We’ve been telling the stories of restaurants from the past this year, diving into a trio of burger shacks: Smaks, Wimpey’s, and the Nu-Way Drive-In. It’s all part of our curiousKC series, wherein local readers, viewers and listeners get the chance to ask those burning questions about where we live.

Today’s trio of questions will take us through donuts, pizza, and deep-fried cheese sandwiches. In other words, the Midwest food pyramid.

two cakes, one in the shape of a baseball mitt

This photo from Nov. 11, 1954, shows, Ernest Mehl, the sports editor of The Kansas City Star, with two cakes from Sam Pasternak of the Cake Box Bakers, Inc. The cakes were given to various men who figured in the transfer of the Philadelphia Athletics franchise to Kansas City. (Courtesy of The Kansas City Star)

Barb asked…I loved Cake Box filled longjohns. You bought them at your local grocery, like Payless at the Red Bridge Shopping Center.

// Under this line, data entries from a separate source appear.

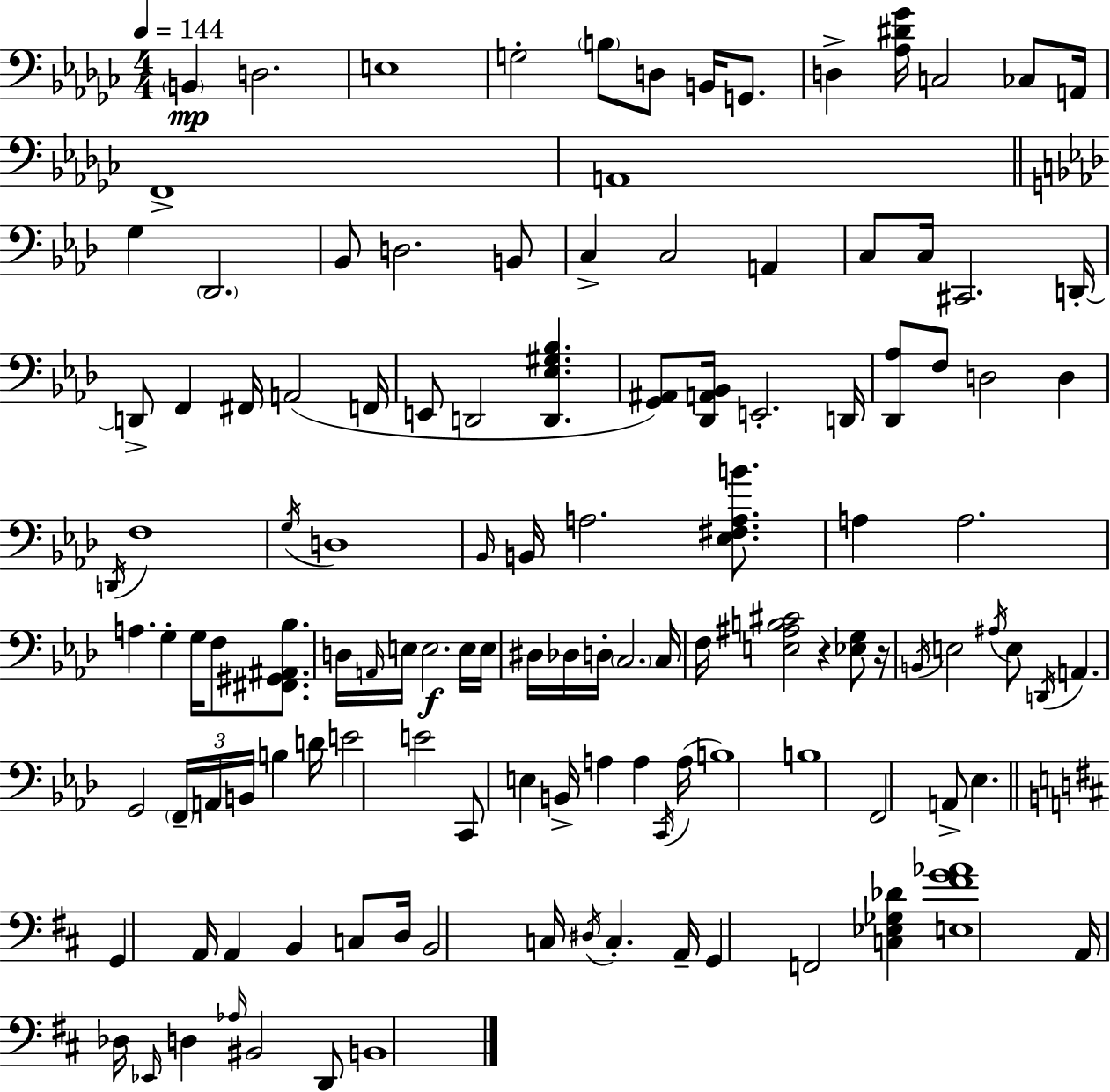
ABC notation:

X:1
T:Untitled
M:4/4
L:1/4
K:Ebm
B,, D,2 E,4 G,2 B,/2 D,/2 B,,/4 G,,/2 D, [_A,^D_G]/4 C,2 _C,/2 A,,/4 F,,4 A,,4 G, _D,,2 _B,,/2 D,2 B,,/2 C, C,2 A,, C,/2 C,/4 ^C,,2 D,,/4 D,,/2 F,, ^F,,/4 A,,2 F,,/4 E,,/2 D,,2 [D,,_E,^G,_B,] [G,,^A,,]/2 [_D,,A,,_B,,]/4 E,,2 D,,/4 [_D,,_A,]/2 F,/2 D,2 D, D,,/4 F,4 G,/4 D,4 _B,,/4 B,,/4 A,2 [_E,^F,A,B]/2 A, A,2 A, G, G,/4 F,/2 [^F,,^G,,^A,,_B,]/2 D,/4 A,,/4 E,/4 E,2 E,/4 E,/4 ^D,/4 _D,/4 D,/4 C,2 C,/4 F,/4 [E,^A,B,^C]2 z [_E,G,]/2 z/4 B,,/4 E,2 ^A,/4 E,/2 D,,/4 A,, G,,2 F,,/4 A,,/4 B,,/4 B, D/4 E2 E2 C,,/2 E, B,,/4 A, A, C,,/4 A,/4 B,4 B,4 F,,2 A,,/2 _E, G,, A,,/4 A,, B,, C,/2 D,/4 B,,2 C,/4 ^D,/4 C, A,,/4 G,, F,,2 [C,_E,_G,_D] [E,^FG_A]4 A,,/4 _D,/4 _E,,/4 D, _A,/4 ^B,,2 D,,/2 B,,4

What happened?

Ben Pasternak was a Polish refugee, who learned to bake as a Russian prisoner of war. After WWI, he ran a series of neighborhood bake shops and delis, perhaps the most well-known was the Vienna Bakery, in the old Northeast during the 1920s and 1930s. It was the family business and when his son Sam returned home from serving in the Army Air Corps, they launched a new operation together: Cake Box Bakers opened in the late 1940s.

The initial bakery at 6322 Brookside Plaza was a hit and the family started to build the “plant,” the name they’d given to a commissary at 63rd and Tracy that would produce bread and baked goods daily for a business that would grow to seven locations. Two of the bakeries (321 E. Gregory and 718 Minnesota, Kansas City, Kansas) housed Jewish delicatessens. Cake Box even worked with the airlines, delivering orders of rolls for the in-flight meals. Cake Box also had a young employee who would go on to shape the national restaurant landscape: Sam’s daughter Gail.

“I worked there from the time I was five years old,” Gail Lozoff said. “My dad would put me in the back and have me partially assemble cake boxes. He’d pay me a penny per box.”

Cake Box made breads and pastries. True to their name, they made wedding cakes and coffee cakes and cheese cake. They made donuts and, yes, long johns.

“Those were so good,” Lozoff said. “People loved them.”

Cake Box bakery ad

Cake Box was a full-service bakery that sold cakes for special occasions and pastry for your morning meetings.

Lozoff worked in the family business through high school, icing cakes and filling cream puffs. Her father sold the business in the midst of the changing retail environment in the 1970s. Big commercial bakeries began to take over the shelves in grocery stores. Neighborhood bakeries that made everything became more specialized shops that just focused on donuts or wedding cakes.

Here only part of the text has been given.